This reporter requested comments from the GW Student Association, the group pushing the petition, and GWU. No responses were received.

The GWSA also didn’t respond when asked if they are urging their school to be renamed as they push to cancel figures associated with the country’s dark past with slavery.

In the riots that ensued in the weeks following the tragic death of George Floyd, a famous bust of former President George Washington on GWU’s campus was toppled. Weeks later, the University released a delayed statement confirming the incident occurred and saying it “did not appear to be a targeted protest against the university, and there were no reported crowds on campus that night.”

Since then, student organizations have continued pushing for sweeping changes from the school’s administration. That includes this latest push to ditch monikers original to the school and to this country.

“On behalf of the Black Student Union, Black Defiance, Persist GW, SINAR (Students for Indigenous and Native American Rights), and Students Against Imperialism we put forth a document that not only lists the names but provides indisputable historical facts and consequences of the individuals in question,” the petition reads.
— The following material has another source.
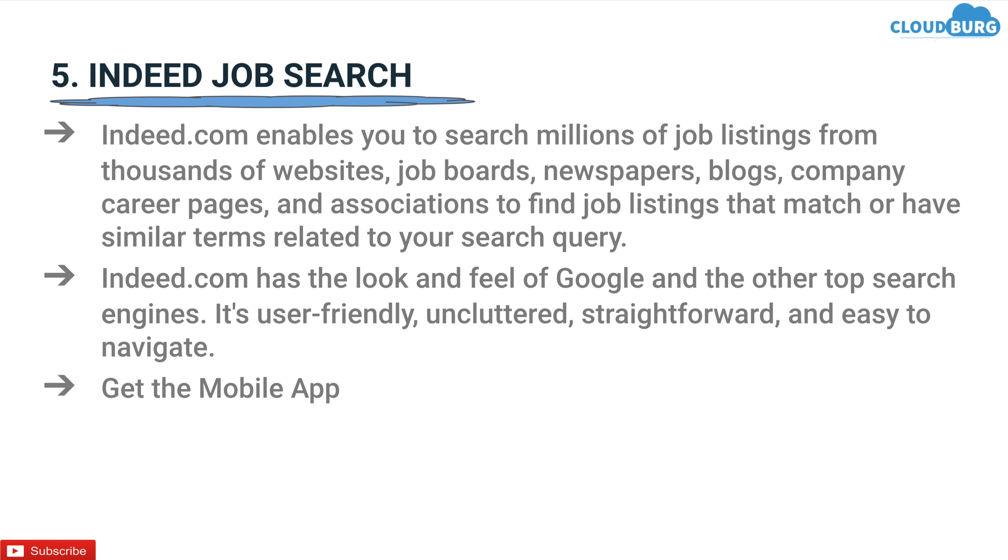Get the mobile app. You can easily get Indeed job search app for iOS and Android mobile devices. Set up email job alerts. You can set up email alerts for notification about new jobs or recommendations for openings that might have otherwise gone overlooked.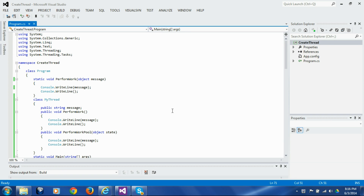In the last session we saw how to launch a simple function which doesn't take any parameters and doesn't return any value on a separate thread. Now in this session we are going to see how we can pass data at the startup of a function on a separate thread.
“For years, these buildings were named after slave owners, proponents of racial segregation and war criminals. It is time we sever ties with them and start anew. It is completely unfair to continue to ask students to attend lectures, play sports, and have them host events in buildings named after individuals who would have never wanted them inside. Student activists have been demanding the renaming of the buildings for years now and it is time we truly reckon with the issue and tackle it head first.”

Requesting accountability from GWU for its “role in racial segregation,” the groups’ petition seeks to push the school to reconsider the names on many buildings and hallways. Moreover, they’re seeking to rename the Colonial mascot who they say “inappropriately and inaccurately represents the students body. The school moniker severely impacts school spirit, and the experience of the student body at GW for the following reasons.”

“Firstly, George Washington was not a Colonial,” the groups said in their petition. “The term colonial was an insult utilized by mainland residents to belittle remote colony residents as a demoted social class. As commander of the Continental Army and a leader of the revolution to literally no longer be a colony, George Washington was if anything an anti-colonial. These facts have been verified by a leading scholar on campus of George Washington’s life and legacy, Professor Denver Brunsman.”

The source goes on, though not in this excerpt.